The Obama Administration took a bold step to ensure contraception coverage for women under the Affordable Care Act (ACA) when their non-profit employers won’t provide it because of religious convictions. It’s also trying to deal with the problem created by the Supreme Court Hobby Lobby ruling that allows closely-held private companies to opt out of providing contraceptive coverage.
If a religious organization or a non-profit decides it won’t provide contraception coverage because of its religious beliefs, that’s its right according to a recent Supreme court ruling. But the Obama Administration’s new regulation aims to protect the rights of women employees.

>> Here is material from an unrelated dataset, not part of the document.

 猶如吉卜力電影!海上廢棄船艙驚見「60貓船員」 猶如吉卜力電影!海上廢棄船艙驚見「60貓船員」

Health and Human Services (HHS) Secretary Sylvia Burwell said, “Women across the country deserve access to recommended preventive services that are important to their health, no matter where they work.”
Here’s how they’ll get coverage.
If a non-profit objects to providing contraceptive coverage on religious grounds, they can notify HHS in writing about their objection.
HHS and the Department of Labor will then notify insurers and third party administrators so that women enrolled in their plans can get separate coverage for contraceptive services at no additional cost to the employee or employer.
The Obama Administration also wants comment about a proposed rule that would give employees of closely-held for-profit companies like Hobby Lobby the opportunity to get coverage when their employer opts out.
In a news release, HHS said, “Under the proposal, these companies would not have to contract, arrange, pay or refer for contraceptive coverage to which they object on religious grounds. The proposal seeks comment on how to define a closely-held for-profit company and whether other steps might be appropriate to implement this policy.”